Starting at the line containing "Mini-Wraps gefüllt mit" and ending at the line containing "Long Beach Garden", transcribe the listing below exactly. Keep both end lines, skip the pictures, and copy nothing else.

===== DATA FOR THIS EXERCISE =====

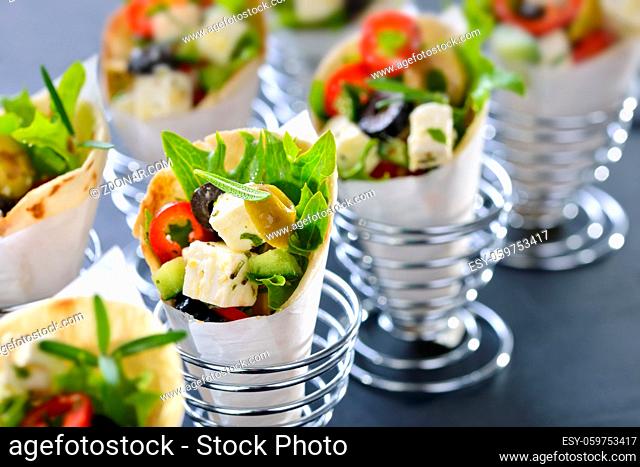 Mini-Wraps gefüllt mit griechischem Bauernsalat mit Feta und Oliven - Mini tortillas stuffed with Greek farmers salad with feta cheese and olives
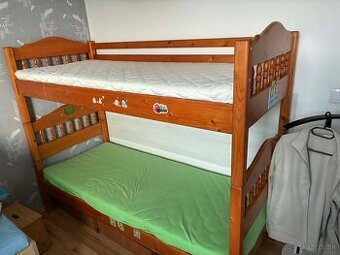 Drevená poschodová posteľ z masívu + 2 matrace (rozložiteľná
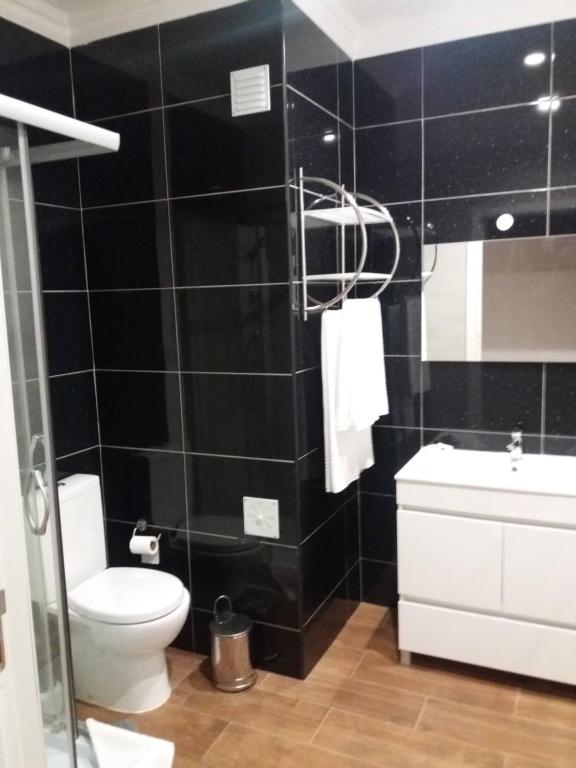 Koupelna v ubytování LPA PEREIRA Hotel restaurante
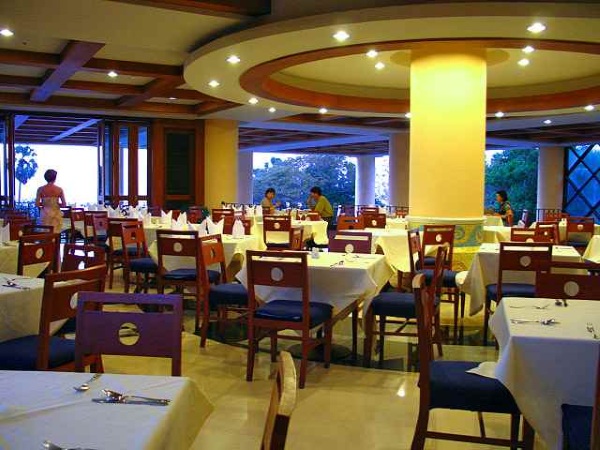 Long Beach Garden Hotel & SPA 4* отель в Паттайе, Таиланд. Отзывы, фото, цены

=====
===== DATA FOR THIS EXERCISE =====

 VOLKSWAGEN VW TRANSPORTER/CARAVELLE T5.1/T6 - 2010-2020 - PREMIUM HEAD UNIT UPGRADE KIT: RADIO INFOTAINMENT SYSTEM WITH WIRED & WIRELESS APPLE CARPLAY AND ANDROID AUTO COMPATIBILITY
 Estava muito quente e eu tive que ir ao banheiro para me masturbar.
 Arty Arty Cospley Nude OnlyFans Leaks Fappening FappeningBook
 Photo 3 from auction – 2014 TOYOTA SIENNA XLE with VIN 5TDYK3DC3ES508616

=====
===== DATA FOR THIS EXERCISE =====

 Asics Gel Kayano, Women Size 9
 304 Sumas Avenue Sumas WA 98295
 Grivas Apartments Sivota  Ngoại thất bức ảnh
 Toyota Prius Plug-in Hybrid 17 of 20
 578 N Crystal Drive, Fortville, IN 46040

=====

RESPONSE TO THE TASK =>
 Mini-Wraps gefüllt mit griechischem Bauernsalat mit Feta und Oliven - Mini tortillas stuffed with Greek farmers salad with feta cheese and olives
 Drevená poschodová posteľ z masívu + 2 matrace (rozložiteľná
 Koupelna v ubytování LPA PEREIRA Hotel restaurante
 Long Beach Garden Hotel & SPA 4* отель в Паттайе, Таиланд. Отзывы, фото, цены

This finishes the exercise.